I have been dating this girl for 3 years and now all of sudden, before Christmas season began she started to act cold and distant around me. Like I wanted to go out, have dinner with her, spend the day together.. you know, things like these... and she was like "no, we have to study" or "no, I don't have time and I'm not feeling like I want to cuddle", "I'm nervous for the exams" (excuses, lol) so like 4 days ago I decided to talk with her seriously, because previously any time I said to her that something was wrong with her she was like oh nothing, don't worry.
Well... here comes what happened... I told her if she still loved me (very dramatic haha) and she decided to tell me what was happening with her all this time. She told me that after a while (half a month) she had doubts, she was looking at me as her best friend rather than as her boyfriend, she still loves me but not in the same way she did before and she misses me but not in the same way I do. When she told me this... well... I got all mad and angry at her. I couldn't believe it because we have been through a lot together. It's been 3 years together!!

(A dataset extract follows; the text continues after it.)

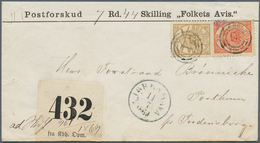 Br Dänemark: 1864, 4 Sk. Red And 8 Sk. Yellow-brown On Fresh Money-letter Sent From "KJOBENHAVN 14/7 18 - Lettres & Documents
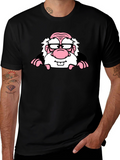 Cartoon Character Graphic Print Black T-Shirt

Her family didn't want me to be with her and we have been hiding all this time, we have broke up a few times because of this and we have been caught too but we ended up together after all. And I gave her everything, and I did everything for her, even her closest friends have said to me that I put A LOT more effort in our relationship than her (I could tell you more details about this). She basically had me at the palm of her hand lol.
And now... well.. everything is over I guess. We met 2 days ago to talk face to face, and she cried. She told me that she didn't wanna hurt me and she doesn't want to lose me because I'm too important for her (I'm her first boyfriend and she's my first gf) but she had all her feelings mixed up so I said that if she wanted to stay with me she needed to clarify her feelings and she replied that sometimes she sees me as her best friend but others she's like "no, he is more than that, he's my bf", she also said that she was tired.. I guess tired of hiding from her family... idk...
I feel destroyed  to think that I can't even say that I miss her because she probaly doesn't miss me the same way I do is killing me...
My closest friend says that I should give her space and time, he trusts we'll be back together like all the times we have broke up before lol... but I don't think this will happen this time...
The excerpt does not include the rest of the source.